I can’t. I admit I do have some trepidation about a sequel, but I’m actually willing to risk a movie that fails to live up to the original, because, well… I simply want to see Jack and the Duke together again. De Niro’s production company is involved, and even though he’s 68 and Grodin is 77, I’d line up to see their characters butt heads again. Ratner could call it Grumpier Old Midnight Run, or whatever, and I’m still in. I even have the plot: Twenty-four years after Walsh helped the feds nab Chicago mobster Jimmy Serrano, the kingpin is finally getting out of jail. And his first order of business is to finish off what he started — kill the Duke, who’s since become a famous cable-TV finance personality on MSNBC. Throw in rival bounty hunter Marvin Dorfler (John Ashton), toss in Kotto’s feds, and sprinkle in Morons 1 and 2. Mix. Enjoy. I just described a film better than 80 percent of today’s action comedies.

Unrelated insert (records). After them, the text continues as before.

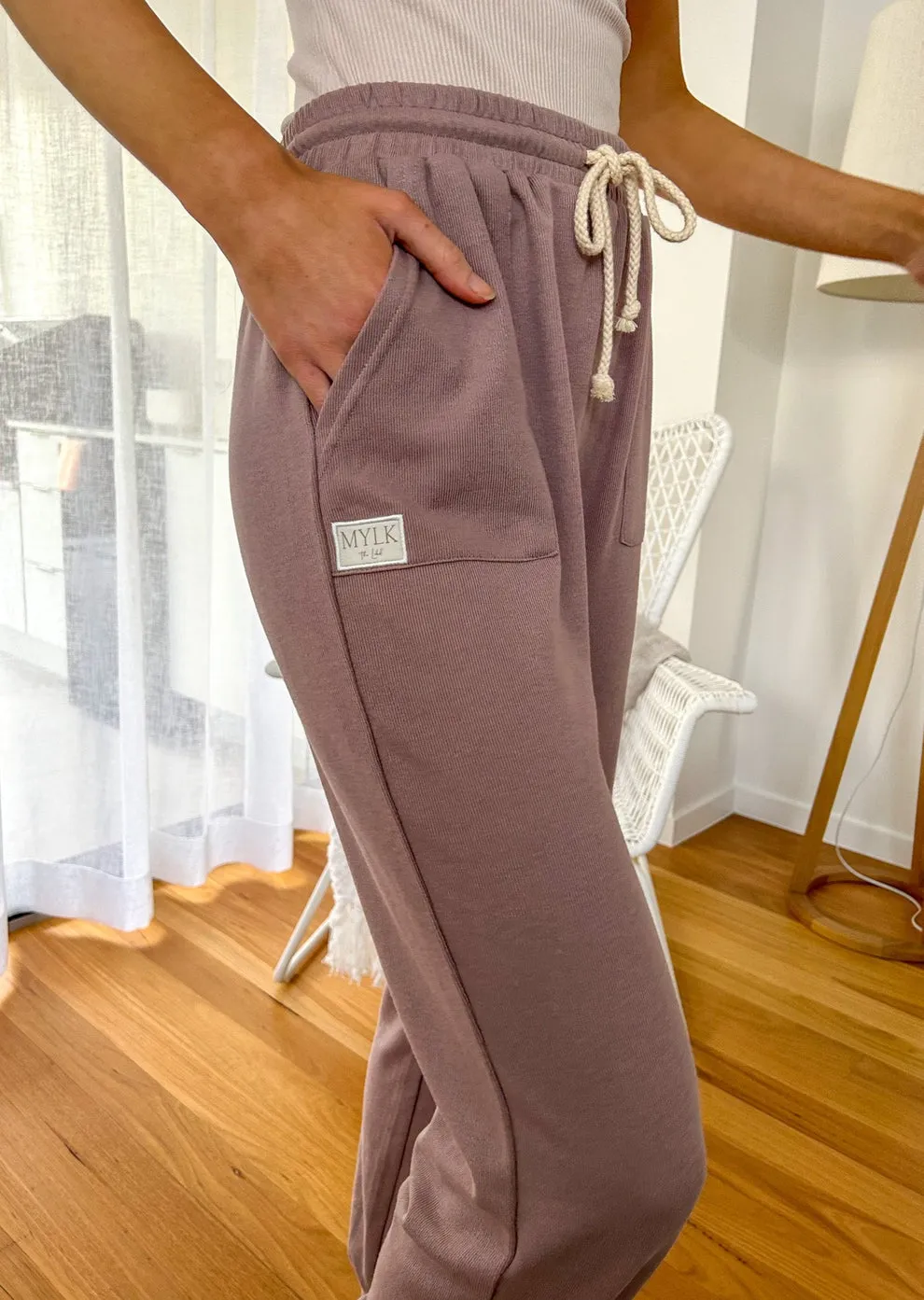 Mylk Lounge Pant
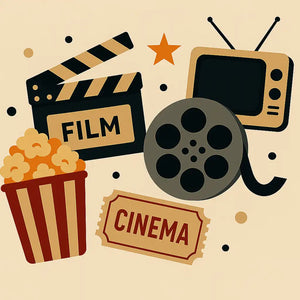 Филми / Сериали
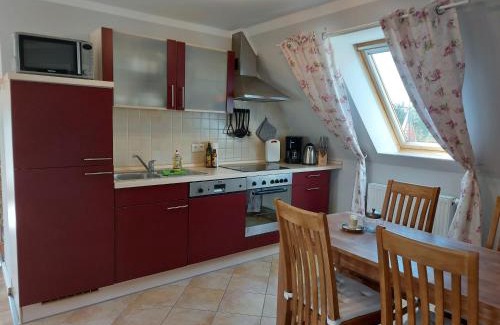 Kaltenhof Apartment | Luise 2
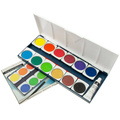 Farby akwarelowe Phoenix 12 szt.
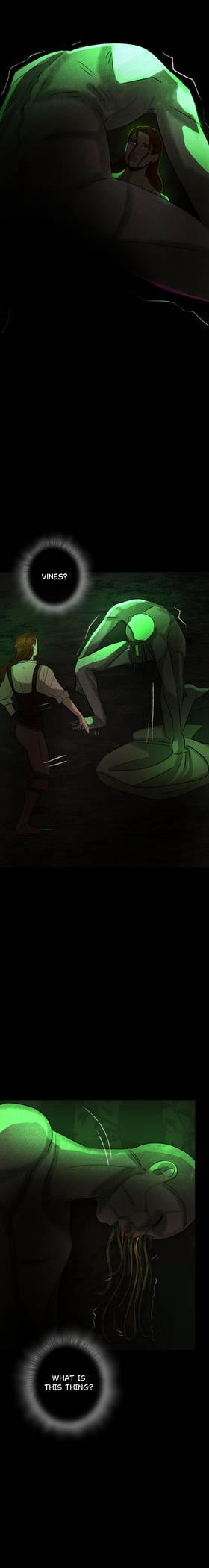 Read Otherworld  22 Page 8 in English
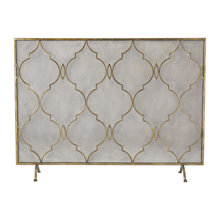 Firescreen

Normally, I’m offended by the mere notion of a remake or sequel to a film that I feel such a personal connection to, a film that remains as entertaining today as the day it opened in theaters. But as perfect as the ending was to Midnight Run, I’m eager to take another road trip with those characters. They promised they’d meet up in the next life, but I want to see them order surf and turf. I want to see them attempt the litmus configuration. And I want to see some really really good looking chickens, because they don’t make those kind of movies any more.
Are you outraged by the idea of resurrecting these characters for an AARP adventure? Are you opposed to any sequel, or just one with Brett Ratner at the helm? I appreciate your concern, but “Make yourself a sandwich, drink a glass of milk… Do some f—in’ thing.” A sequel wouldn’t be an easy midnight run, but it would be worth the trouble.